**Exercise instructions**. Below, locate the line that contains "Person-Centred Care in". Repeat exactly from that line to the line that contains "Fresh cocktail with", inclusive, leaving out the pictures.

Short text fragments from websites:

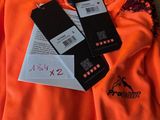 une chemise orange avec deux étiquettes, posée sur une chaise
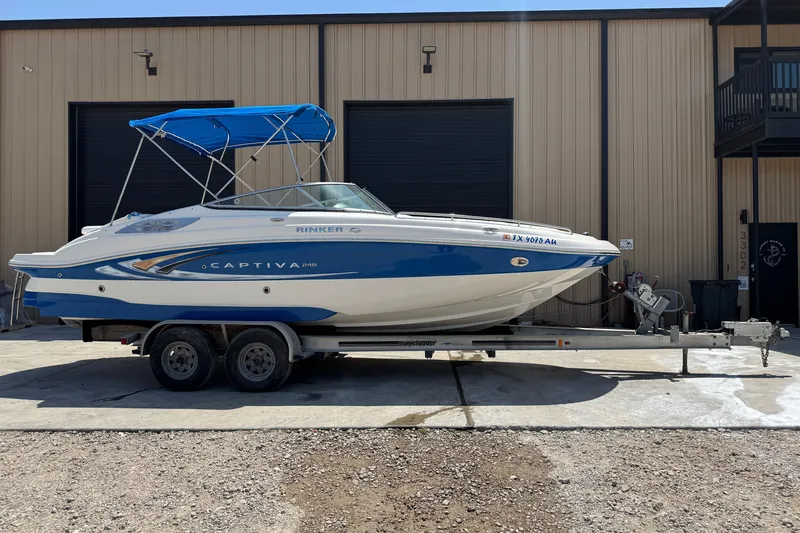 Slide: The Image of 2009 Rinker 248 Captiva Deckboat on trailer, blue and white, parked outside a building. - 1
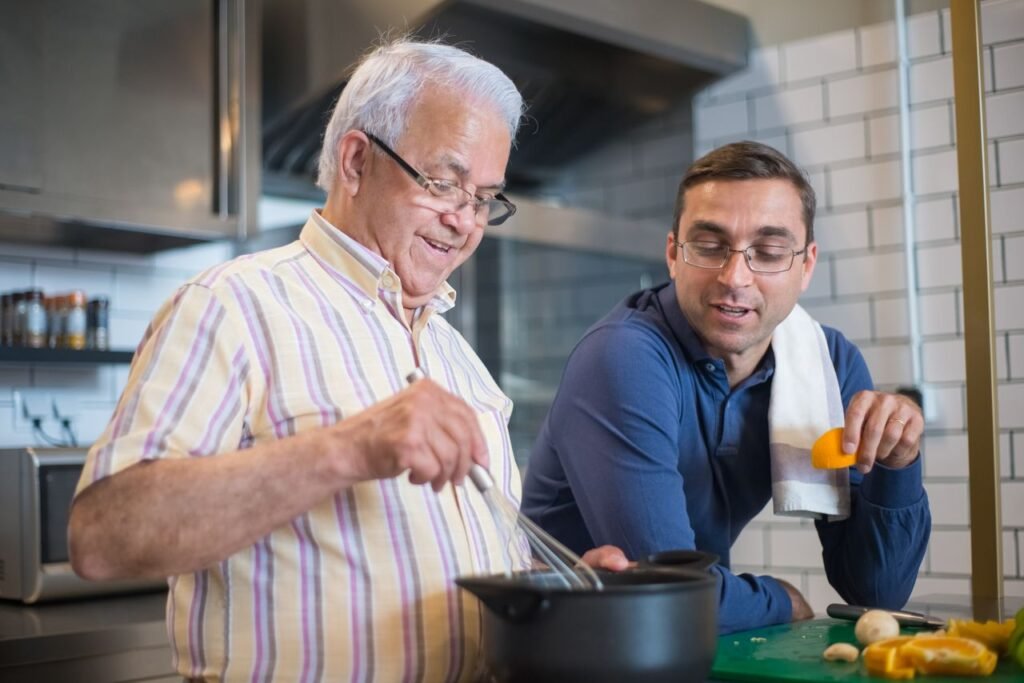 Person-Centred Care in Plain English An older man preparing a meal independently while a care worker supports nearby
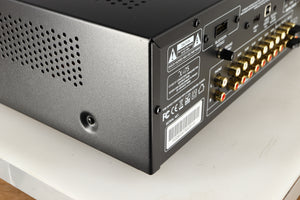 Rear right corner of a used Advanced Paris X-i75 Integrated Amplifier in a black finish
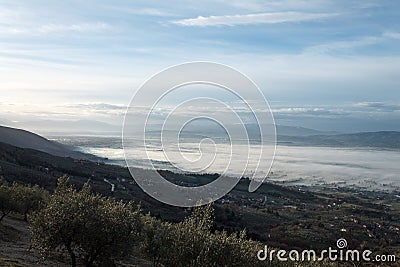 Beautiful view of Umbria valley in a winter morning, with fog covering trees and houses and olive plants in the Stock Photo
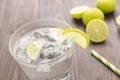 Fresh cocktail with soda, lime on a wooden background Royalty Free Stock Photo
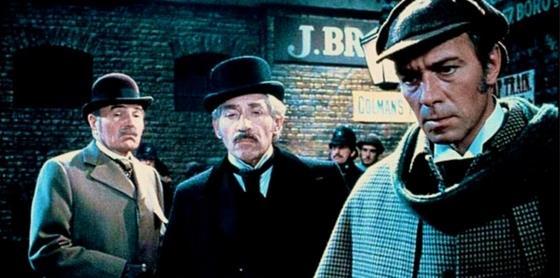 That night, Watson meets up with Holmes, along with two other men a Scotland Yard detective named Peter Jones and a bank manager named Mr. Merryweather.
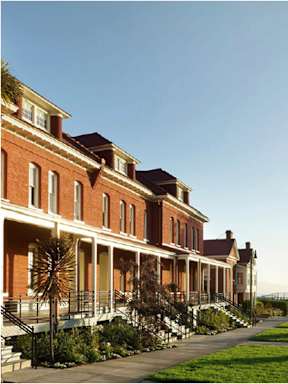 A row of red brick buildings with white trim and a clear blue sky.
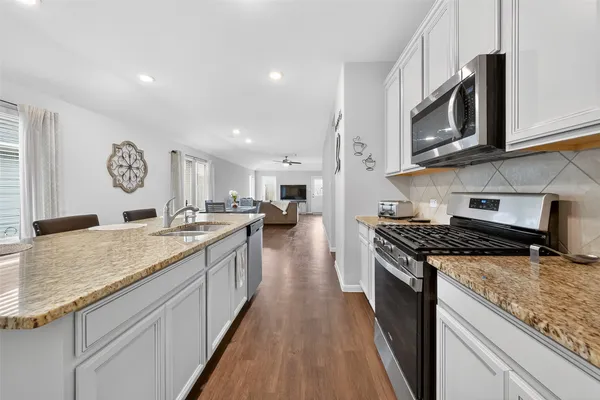 a kitchen with stainless steel appliances granite countertop a stove a sink and a microwave
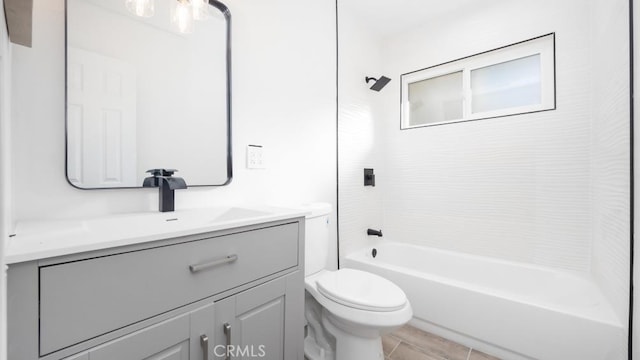 full bathroom featuring toilet, vanity, and tiled shower / bath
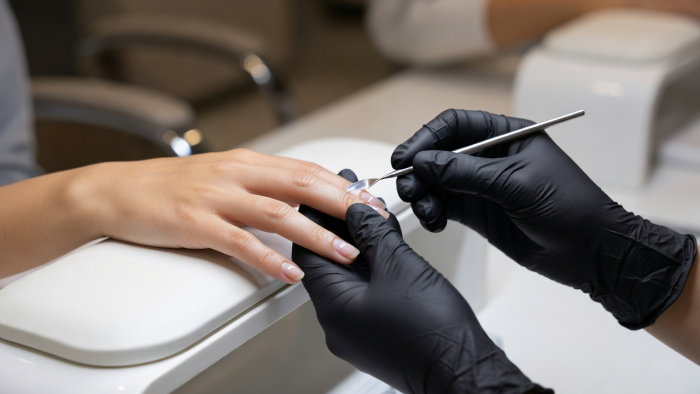 Professional manicurist delicately performing nail care on client hand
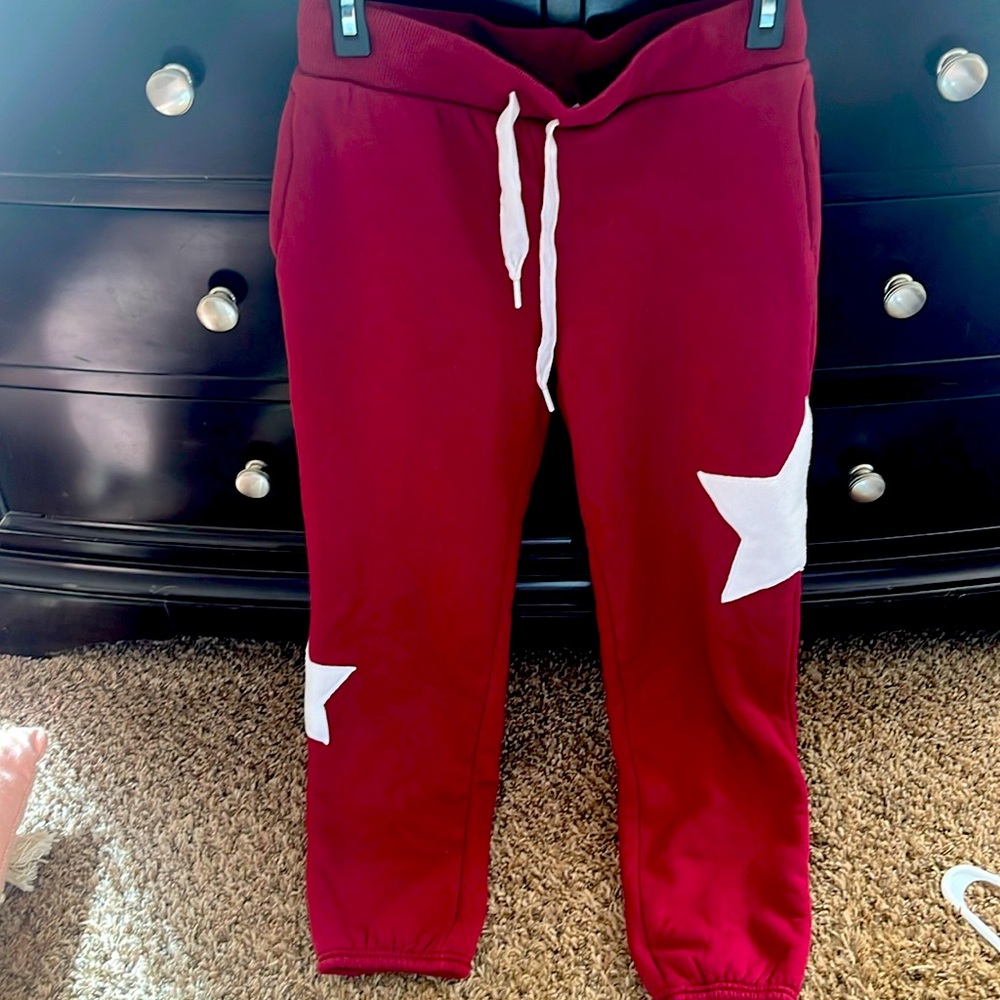 Maroon sweatpants, fleece lined with stars on the legs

**Written answer**.
 Person-Centred Care in Plain English An older man preparing a meal independently while a care worker supports nearby
 Rear right corner of a used Advanced Paris X-i75 Integrated Amplifier in a black finish
 Beautiful view of Umbria valley in a winter morning, with fog covering trees and houses and olive plants in the Stock Photo
 Fresh cocktail with soda, lime on a wooden background Royalty Free Stock Photo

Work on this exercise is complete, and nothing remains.